L'ayatollah Ali Khamenei, guide suprême d'Iran, n'a pu retenir son émotion en présidant une courte prière des morts à l'Université de Téhéran, devant les cercueils contenant les restes de Soleimani, d'Abou Mehdi al-Mouhandis, numéro deux du Hachd al-Chaabi (paramilitaires irakiens pro-Iran) et de quatre Iraniens. Soleimani doit être enterré mardi à Kerman (sud-est), sa ville natale.
- Echange de menaces -
Estimée à "plusieurs millions" par la télévision d'Etat iranienne, la foule alterne entre moments de recueillement et de tristesse et explosion de colère aux cris de "Mort à l'Amérique", "Mort à Israël".
Des drapeaux américains et israéliens sont brûlés. Hommes et femmes pleurent ou appellent à venger celui qui était le chef de la Force Qods, chargée des opérations extérieures des Gardiens de la Révolution, et à ce titre l'architecte de la stratégie de l'Iran au Moyen-Orient.
La fille de Qassem Soleimani, Zeinab, et le chef du bureau politique du Hamas palestinien, Ismaïl Haniyeh, ont électrisé la foule en parlant des effets galvanisants que la mort du général aura selon eux sur la résistance à l'Amérique et à Israël.
L'Iran officiel a promis une "riposte militaire", une "dure vengeance" qui frappera "au bon endroit et au bon moment".
Malgré les appels à la "désescalade" et à la "retenue" de nombreuses capitales dans le monde, le président américain Donald Trump ne fait rien pour apaiser les inquiétudes. Si l'Iran fait "quoi que ce soit, il y aura des représailles majeures", a-t-il lancé dimanche.
Ces menaces "ne sont pas d'une très grande aide", a regretté Berlin.

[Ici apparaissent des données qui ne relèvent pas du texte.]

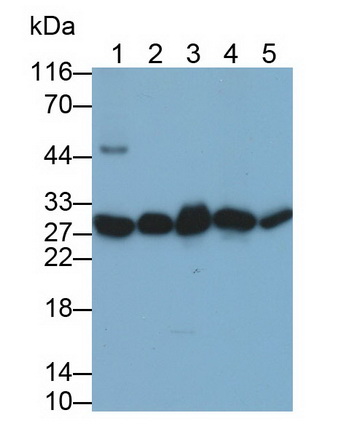 MAE528Hu29.jpg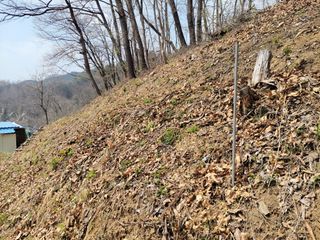 김홍중님의 두릅 · 영농일지 작성글 사진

M. Trump a également évoqué la possibilité d'imposer des sanctions "très fortes" à Bagdad après le vote dimanche par le Parlement irakien d'une résolution demandant le départ des troupes américaines d'Irak.

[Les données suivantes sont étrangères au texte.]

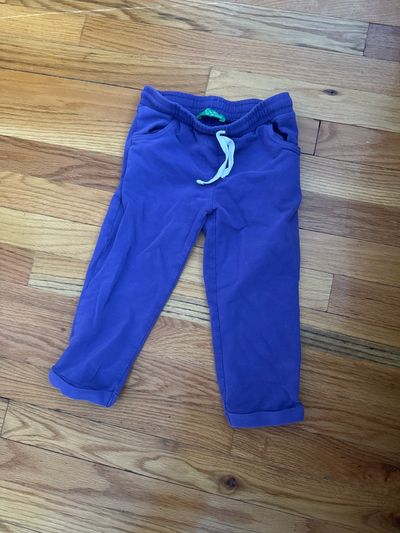 Cichlia Purple pants 24-36 months 24 Months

L'assassinat de Soleimani est survenu trois jours après une attaque inédite contre l'ambassade américaine à Bagdad par des partisans du Hachd pour protester contre un bombardement américain meurtrier contre une faction de ces paramilitaires. Le bombardement était lui en riposte au tir ces deux derniers mois, de dizaines de roquettes sur des installations en Irak abritant des Américains et où un sous-traitant américain a péri fin décembre.
- Crise du nucléaire -
Dans ce contexte explosif, l'Iran a annoncé dimanche la "cinquième et dernière phase" de son plan de réduction de ses engagements en matière nucléaire pris devant la communauté internationale, affirmant qu'il ne se sentait désormais plus tenu par aucune limite "sur le nombre de ses centrifugeuses".
Mais Téhéran continue de se soumettre volontairement au programme d'inspection onusien particulièrement draconien mis en place après l'accord nucléaire de 2015 conclu entre l'Iran la Chine, les Etats-Unis, la France, la Grande-Bretagne, la Russie et l'Allemagne.

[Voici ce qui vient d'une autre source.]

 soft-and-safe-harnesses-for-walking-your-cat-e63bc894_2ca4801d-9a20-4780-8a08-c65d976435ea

Depuis mai, l'Iran s'est progressivement affranchi d'engagements auxquels il avait souscrit par cet accord, en riposte au retrait unilatéral des Etats-Unis qui ont rétabli des sanctions économiques contre Téhéran.
Paris, Londres et Berlin ont appelé "l'Iran à retirer toutes (ses) mesures non conformes" au pacte.
Par l'accord de 2015, l'Iran a accepté de réduire drastiquement ses activités nucléaires, de façon à prouver que celles-ci n'ont aucune visée militaire, en échange de la levée d'une partie des sanctions économiques internationales qui asphyxiaient alors son économie.
Mais le retour des sanctions américaines a plongé le pays pétrolier dans une violente récession et l'a privé des retombées économiques qu'il espérait de l'accord.
Si Berlin a dit craindre que l'annonce iranienne "puisse être le premier pas" vers la mort de l'accord, des observateurs se montrent moins pessimistes notant que l'Iran reste "très prudent" en évitant de dénoncer frontalement le texte, ce qui laisse à tous les acteurs une ultime marge de manœuvre pour tenter de le sauver.
Entretemps, les cours du pétrole poursuivent leur ascension, tandis que les Bourses mondiales tremblent face à l'escalade enclenchée par l'assassinat de Soleimani. L'or, traditionnelle valeur refuge, est monté à des niveaux plus vus depuis 2013.